Francuscy siatkarze solidarni z kolegą
Po emocjonującym finale siatkarskim, na którym Francuzi zwyciężyli, nadeszła pora na ceremonię medalową. Jednak zwycięska drużyna długo nie pojawiała się na podium. Komentatorzy sportowi przekazywali telewidzom informacje, że „jeden z francuskich zawodników zabłądził na hali”. Teraz już wiadomo, że przeciągające się oczekiwanie na wyjście sportowców z szatni było ich protestem wobec zasad medalowych. Sprawa dotyczyła Timothee Carle'a, trzynastego zawodnika kadry, który nie wystąpił w turnieju i według zasad nie mógł stanąć razem z drużyną na podium. Francuzi, nie zgadzając się z tą decyzją, domagali się, by Carle mógł uczestniczyć w ceremonii razem z nimi.
Dlaczego jeden z siatkarzy nie dostał medalu?
Światowa Federacja Siatkówki (FIVB) wraz z Międzynarodowym Komitetem Olimpijskim (MKOl) wprowadziła znaczącą zmianę w regulaminie dotyczącym składów drużyn siatkarskich na igrzyska olimpijskie w Paryżu. Zgodnie z nowymi przepisami trenerzy mieli możliwość zabrania na igrzyska dodatkowego (trzynastego) zawodnika, który mógł wejść na boisko tylko w wyjątkowej sytuacji, jako tzw. „joker medyczny”. Zmiana ta okazała się kluczowa dla reprezentacji Polski. W trakcie turnieju kontuzji doznał Mateusz Bieniek, środkowy polskiej drużyny. Jego miejsce w kadrze meczowej zajął atakujący - Bartłomiej Bołądź, który dzięki tej decyzji mógł nie tylko wejść na boisko, ale również otrzymać na ceremonii olimpijski medal.
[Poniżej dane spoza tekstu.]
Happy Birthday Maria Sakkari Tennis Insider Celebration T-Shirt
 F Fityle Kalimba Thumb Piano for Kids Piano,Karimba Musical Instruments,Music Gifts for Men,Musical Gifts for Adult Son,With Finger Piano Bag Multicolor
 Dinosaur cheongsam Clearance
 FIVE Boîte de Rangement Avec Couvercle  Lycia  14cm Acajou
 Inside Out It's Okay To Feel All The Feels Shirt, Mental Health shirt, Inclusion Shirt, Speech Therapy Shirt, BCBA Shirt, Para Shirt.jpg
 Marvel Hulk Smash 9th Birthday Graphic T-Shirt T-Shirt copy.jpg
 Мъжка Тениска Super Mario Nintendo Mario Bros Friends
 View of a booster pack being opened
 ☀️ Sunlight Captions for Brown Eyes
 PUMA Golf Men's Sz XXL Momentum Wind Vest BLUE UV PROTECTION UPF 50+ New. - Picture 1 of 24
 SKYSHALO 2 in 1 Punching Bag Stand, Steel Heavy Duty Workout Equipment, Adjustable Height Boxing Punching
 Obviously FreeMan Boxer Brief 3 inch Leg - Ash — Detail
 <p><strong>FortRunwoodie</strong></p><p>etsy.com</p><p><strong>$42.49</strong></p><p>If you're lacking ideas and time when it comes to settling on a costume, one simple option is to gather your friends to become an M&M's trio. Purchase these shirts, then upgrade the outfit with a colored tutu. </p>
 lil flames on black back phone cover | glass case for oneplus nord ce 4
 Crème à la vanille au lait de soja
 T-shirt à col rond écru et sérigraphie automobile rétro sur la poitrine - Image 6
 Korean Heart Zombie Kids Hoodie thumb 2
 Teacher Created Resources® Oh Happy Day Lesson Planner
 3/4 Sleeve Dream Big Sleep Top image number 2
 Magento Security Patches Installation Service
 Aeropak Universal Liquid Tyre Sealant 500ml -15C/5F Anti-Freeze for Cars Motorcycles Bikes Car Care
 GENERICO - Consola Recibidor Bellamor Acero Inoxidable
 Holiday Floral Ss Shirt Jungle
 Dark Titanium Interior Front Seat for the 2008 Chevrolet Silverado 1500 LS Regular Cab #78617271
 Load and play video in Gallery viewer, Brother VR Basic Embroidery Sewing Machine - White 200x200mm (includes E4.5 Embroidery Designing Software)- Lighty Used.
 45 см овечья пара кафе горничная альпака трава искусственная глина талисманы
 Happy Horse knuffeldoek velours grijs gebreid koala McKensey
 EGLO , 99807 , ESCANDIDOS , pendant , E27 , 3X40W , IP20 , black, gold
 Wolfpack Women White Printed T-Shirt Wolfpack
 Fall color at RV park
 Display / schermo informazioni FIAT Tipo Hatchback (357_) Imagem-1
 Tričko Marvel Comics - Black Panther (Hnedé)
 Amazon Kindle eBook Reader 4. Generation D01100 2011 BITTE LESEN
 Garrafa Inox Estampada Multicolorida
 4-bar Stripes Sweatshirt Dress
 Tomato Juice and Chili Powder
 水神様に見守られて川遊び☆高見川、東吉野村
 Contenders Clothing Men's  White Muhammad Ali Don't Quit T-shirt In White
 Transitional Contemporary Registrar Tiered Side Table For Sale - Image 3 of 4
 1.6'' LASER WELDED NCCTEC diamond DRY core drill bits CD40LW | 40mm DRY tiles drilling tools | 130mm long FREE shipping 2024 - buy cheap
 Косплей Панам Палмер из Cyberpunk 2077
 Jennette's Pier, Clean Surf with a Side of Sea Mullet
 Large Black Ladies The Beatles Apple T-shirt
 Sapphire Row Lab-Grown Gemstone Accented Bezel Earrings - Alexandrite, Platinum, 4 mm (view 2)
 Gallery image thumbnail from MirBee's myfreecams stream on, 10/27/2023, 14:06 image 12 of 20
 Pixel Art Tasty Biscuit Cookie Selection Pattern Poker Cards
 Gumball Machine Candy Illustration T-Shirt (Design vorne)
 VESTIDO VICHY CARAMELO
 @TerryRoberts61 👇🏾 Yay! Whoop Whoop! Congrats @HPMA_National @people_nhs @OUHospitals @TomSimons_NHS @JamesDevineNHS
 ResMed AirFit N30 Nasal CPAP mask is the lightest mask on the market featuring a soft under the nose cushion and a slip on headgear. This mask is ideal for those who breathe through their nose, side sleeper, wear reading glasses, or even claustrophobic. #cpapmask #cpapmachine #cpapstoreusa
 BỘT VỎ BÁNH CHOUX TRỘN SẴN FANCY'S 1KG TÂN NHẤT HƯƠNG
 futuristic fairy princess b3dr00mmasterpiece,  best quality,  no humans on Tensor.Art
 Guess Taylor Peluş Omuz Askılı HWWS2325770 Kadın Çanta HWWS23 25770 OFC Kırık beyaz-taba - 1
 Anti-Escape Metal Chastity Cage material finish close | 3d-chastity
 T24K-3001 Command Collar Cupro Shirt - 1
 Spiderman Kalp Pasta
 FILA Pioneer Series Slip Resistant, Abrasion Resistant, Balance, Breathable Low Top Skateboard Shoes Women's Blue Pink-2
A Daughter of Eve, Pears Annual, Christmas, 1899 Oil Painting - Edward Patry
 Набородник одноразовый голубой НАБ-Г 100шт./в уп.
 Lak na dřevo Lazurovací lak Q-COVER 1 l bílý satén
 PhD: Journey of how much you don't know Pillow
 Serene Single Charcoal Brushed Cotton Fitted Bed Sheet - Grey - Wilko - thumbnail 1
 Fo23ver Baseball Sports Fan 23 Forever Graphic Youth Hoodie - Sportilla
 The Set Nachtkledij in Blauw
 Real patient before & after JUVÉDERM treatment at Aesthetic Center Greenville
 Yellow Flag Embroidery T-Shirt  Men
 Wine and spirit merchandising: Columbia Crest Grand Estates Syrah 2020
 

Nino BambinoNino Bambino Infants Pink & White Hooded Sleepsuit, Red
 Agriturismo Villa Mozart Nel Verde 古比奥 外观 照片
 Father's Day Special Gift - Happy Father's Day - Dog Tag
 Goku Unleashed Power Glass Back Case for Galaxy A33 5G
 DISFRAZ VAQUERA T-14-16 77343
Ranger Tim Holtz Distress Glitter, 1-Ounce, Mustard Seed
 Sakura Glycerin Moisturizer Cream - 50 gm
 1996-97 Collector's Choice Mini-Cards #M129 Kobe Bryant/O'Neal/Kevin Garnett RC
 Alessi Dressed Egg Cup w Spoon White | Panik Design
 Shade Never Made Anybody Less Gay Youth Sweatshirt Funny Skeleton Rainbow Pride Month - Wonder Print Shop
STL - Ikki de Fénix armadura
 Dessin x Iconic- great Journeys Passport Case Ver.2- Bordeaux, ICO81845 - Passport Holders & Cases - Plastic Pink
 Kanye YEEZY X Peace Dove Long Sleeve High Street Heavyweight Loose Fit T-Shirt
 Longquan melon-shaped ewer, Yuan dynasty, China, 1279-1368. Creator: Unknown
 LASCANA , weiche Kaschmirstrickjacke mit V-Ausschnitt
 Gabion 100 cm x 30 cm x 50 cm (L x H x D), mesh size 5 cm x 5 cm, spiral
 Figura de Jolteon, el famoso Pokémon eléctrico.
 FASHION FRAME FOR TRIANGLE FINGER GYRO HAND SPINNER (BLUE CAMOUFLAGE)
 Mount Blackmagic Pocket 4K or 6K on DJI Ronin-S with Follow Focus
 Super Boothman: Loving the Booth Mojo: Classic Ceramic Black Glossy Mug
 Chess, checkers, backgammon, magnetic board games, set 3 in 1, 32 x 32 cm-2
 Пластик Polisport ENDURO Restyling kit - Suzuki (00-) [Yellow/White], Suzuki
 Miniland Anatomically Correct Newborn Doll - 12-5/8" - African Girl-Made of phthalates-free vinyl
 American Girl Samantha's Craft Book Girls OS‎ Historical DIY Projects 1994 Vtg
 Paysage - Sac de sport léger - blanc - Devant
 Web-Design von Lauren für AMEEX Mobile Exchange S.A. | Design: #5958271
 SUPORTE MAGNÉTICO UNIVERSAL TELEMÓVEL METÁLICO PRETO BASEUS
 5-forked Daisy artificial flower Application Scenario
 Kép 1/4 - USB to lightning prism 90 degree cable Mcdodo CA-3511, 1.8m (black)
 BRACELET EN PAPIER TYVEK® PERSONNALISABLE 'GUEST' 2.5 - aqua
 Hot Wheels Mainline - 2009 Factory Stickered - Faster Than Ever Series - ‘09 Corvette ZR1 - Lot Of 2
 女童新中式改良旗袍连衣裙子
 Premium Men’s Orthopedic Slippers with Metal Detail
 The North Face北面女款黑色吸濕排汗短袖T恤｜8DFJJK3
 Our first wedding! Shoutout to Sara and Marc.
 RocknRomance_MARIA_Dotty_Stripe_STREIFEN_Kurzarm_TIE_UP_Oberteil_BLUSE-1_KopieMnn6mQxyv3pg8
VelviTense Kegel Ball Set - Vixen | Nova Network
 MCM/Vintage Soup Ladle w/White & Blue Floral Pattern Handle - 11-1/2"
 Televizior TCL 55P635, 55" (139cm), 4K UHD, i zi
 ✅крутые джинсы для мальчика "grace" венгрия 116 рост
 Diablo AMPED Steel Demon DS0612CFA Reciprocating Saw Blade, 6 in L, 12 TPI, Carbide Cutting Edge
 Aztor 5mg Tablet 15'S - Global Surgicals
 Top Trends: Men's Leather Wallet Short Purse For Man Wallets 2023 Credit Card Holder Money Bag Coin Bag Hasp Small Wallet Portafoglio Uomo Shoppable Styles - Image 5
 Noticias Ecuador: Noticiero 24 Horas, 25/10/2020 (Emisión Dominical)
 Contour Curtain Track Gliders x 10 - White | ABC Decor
Timothee Carle, pełniący we francuskiej drużynie role „jokera medycznego” nie rozegrał na igrzyskach ani jednego meczu. Ostatecznie Carle stanął na podium, ale, ku zaskoczeniu wielu, bez medalu na szyi. To zdarzenie wywołało wiele dyskusji o zasadach przyznawania medali i roli rezerwowych w drużynie.